ISLAMABAD: In a first-of-its-kind televised address to the nation revolving around his family, Prime Minister Nawaz Sharif on Tuesday rubbished all allegations making rounds on media against the Sharifs after mega leak by Panama Papers.

A visibly shaken prime minister announced to set up a ‘judicial commission’ to probe the matter and ascertain the facts about allegations of any wrongdoings on the part of his family and their involvement in off-shore companies. “I hereby announce to constitute a judicial commission to weigh the allegations being leveled against my family,” he told the nation in his address. “The judicial commission will be led by a former judge of the Supreme Court,” he said, and added that the commission will give its verdict after due investigation. “I ask those making oft-repeated allegations and raising hue and cry every other day to approach the judicial commission and prove their claims.”

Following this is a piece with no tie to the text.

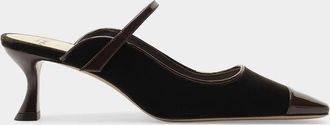 Alexandre Birman 60mm Tita Wave Velvet Mule Pumps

The prime minister said his aides maintained that since there were no allegations against his person in the Panama Papers and that he was not under any obligation to respond to such accusations, he was compelled to take the nation into confidence over politically motivated baseless allegations raised by certain elements vying for petty political gains. “I want the nation to decide for themselves the reality behind these allegations which are being leveled against my family for the last 25 years.” While explaining the start of his family business, the prime minister said, “My father started business in Lahore several years before the creation of Pakistan, and by the time of independence, Ittefaq Foundries had already achieved success with a well-established branch in Dhaka even.”

“My family and their businesses were frequently politically witch-hunted by the regime of late Zulfikar Ali Bhutto during 1972, who nationalised the Ittefaq Foundries which had achieved the status of major steel industry in West Pakistan by that time,” the prime minister lamented. “The hard work, investment and earning of his ancestors spanning over several decades since 1936 was ruined within minutes through political victimisation. But it did not deter the resolve of my father who established six new factories within 18 months and that too during the Bhutto regime,” he added.

Nawaz said the Ittefaq Foundries were handed back to them in 1979 in complete dilapidated condition and his father infused new life into them. He said that it all happened when he had freshly graduated from the university. “Neither me nor any member of my family were politically engaged or part of the government by that time,” he said, and added that in 1989, a ship named Jonathan was not allowed to offload raw material of their factory for a whole year, causing a loss of Rs 500 million to his family, which amounts to Rs 50 billion if translated in today’s currency value. He said that during the second tenure of the PPP, their businesses were strangulated and Ittefaq Foundries were made to virtually shut down through different tactics.

Explaining further, the prime minister said that his father established another industrial plant in Makkah during the days of their seven-year exile following the military coup in 1999. “The plant was later sold, and my sons Hassan and Hussain invested the funds into their businesses,” he clarified. The prime minister maintained his family repaid every penny of their debt amounting to around Rs 5.75 billion despite repeated victimisation in different periods that aimed at complete devastation of the Ittefaq Foundries. “My family never got written off even a penny from the principal amount or the mark-up. It won’t be wrong to say that we repaid even those debts that were not owed by us,” he said.

Regarding business ventures of his sons, Nawaz said Hassan and Hussain are residing in London and Saudi Arabia since 1994 and 2000 respectively. “Both of my sons have been working under the legal ambit and are following rules and regulations of the host countries,” he said, and added those people who amass wealth through unfair means neither own companies nor keep the assets in their names. The prime minister said he was committed to rid the country of darkness and take it to the new heights of progress and development. He said he was paying all his attention to this commitment with the nation and hence had no time to respond to such allegations. “I fully understand the motives behind the fresh wave of allegations, but do not want to dissipate my energies on it,” the prime minister remarked.